The house sported original hurricane shutters and eight-over-eight leaded glass windows. Most rooms had a brick fireplace and decorative molding over the doorways.
The gutters leaked and the old house cried. The gnarled branches of the silver maples joined hands over the sagging roof, protecting it from the wind. It was a house well-lived and much loved and held promise.
It was demolished.
The newcomers arrive with their good intentions and money. A lot of money. How else can they buy a Dutch colonial from the ’20s or a Victorian with a brick foundation from 1890, or one of the first farmhouses in this town from the middle of the 19th century, and with merely a cursory glance at the interior, sign on the dotted line as the buyers. But after only a few hours consideration, they decide it isn’t exactly what they wanted (perhaps those Dutch doors didn’t lend themselves to marble and granite foyers), so instead of renovating, they tear it down. It doesn’t stop there. The two hundred year old oak has to go too, since the Bobcat couldn’t maneuver around it, and besides, it doesn’t mesh with their imported flowers and shrubs. Their landscaper says so.
A neighbor, who has lived in the town for over half-century, tries to explain the importance of preserving history. The newcomers decide right then and there to pledge a substantial donation to the historical society, perhaps to assuage any guilt. But it’s doubtful there is any.
They build their homes “in keeping with the aesthetics of the area” with dormers and gables and large porches. The interiors, though, are made for entertaining: six burner stoves with designer tile backsplashes, state of the art appliances, and custom cabinetry.

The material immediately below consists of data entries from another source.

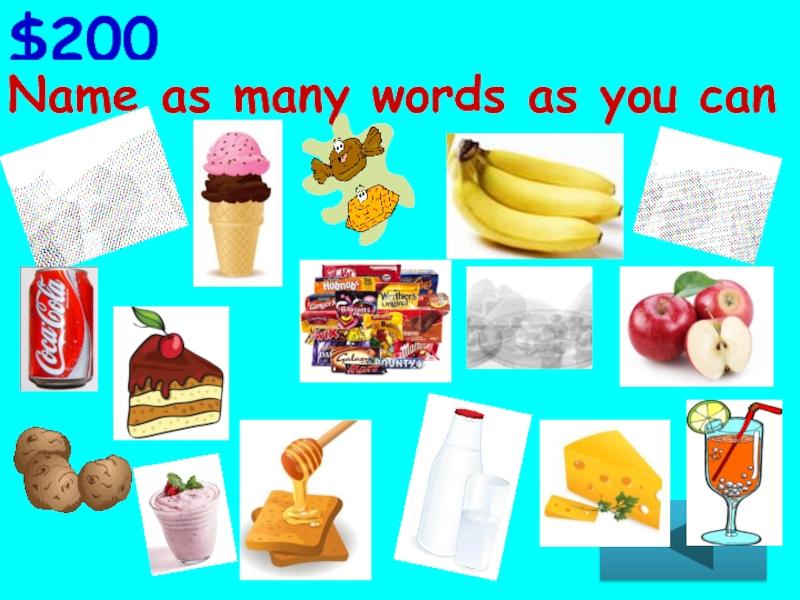 $200Name as many words as you can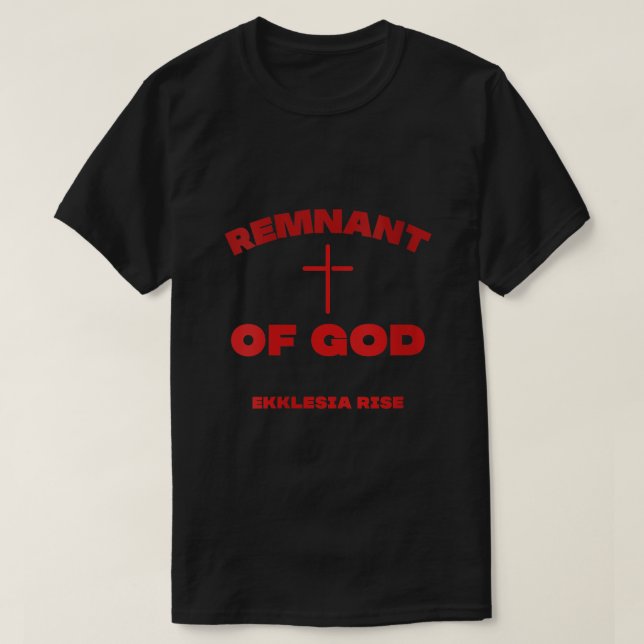 Camiseta El remanente de Dios Ekklesia levantó iglesia cris (Diseño del anverso)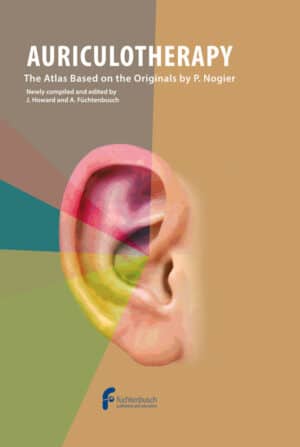 Auriculotherapy - The Atlas Based on the Originals by P. Nogier (English)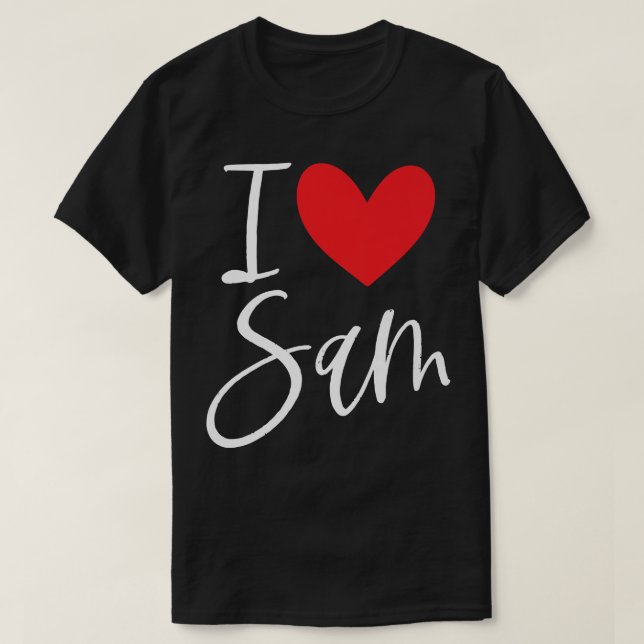 I Love Sam Name Personalized Girl Woman BFF Samant T-Shirt (Design Front)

And while they’re away at their other homes or traveling the world, they monitor the houses and keep them looking lived in, all wirelessly. The lights are on but they’re not home. Their busy lives make the houses a touchstone for when they need a day or two to return to an easier lifestyle. Or throw a big bash.
Within a few years, For Sale signs dot the perfectly manicured and chemically doused front lawns. There are other houses that call to them. Or the one they built just doesn’t cut it for their present day lifestyle. And once again, immediately after signing on the dotted line, the bulldozers clawing into another once-grand Victorian. They say, after much introspection (and no inspection), it was “too dated.”
And as the song by Queen goes, “Another one bites the dust.”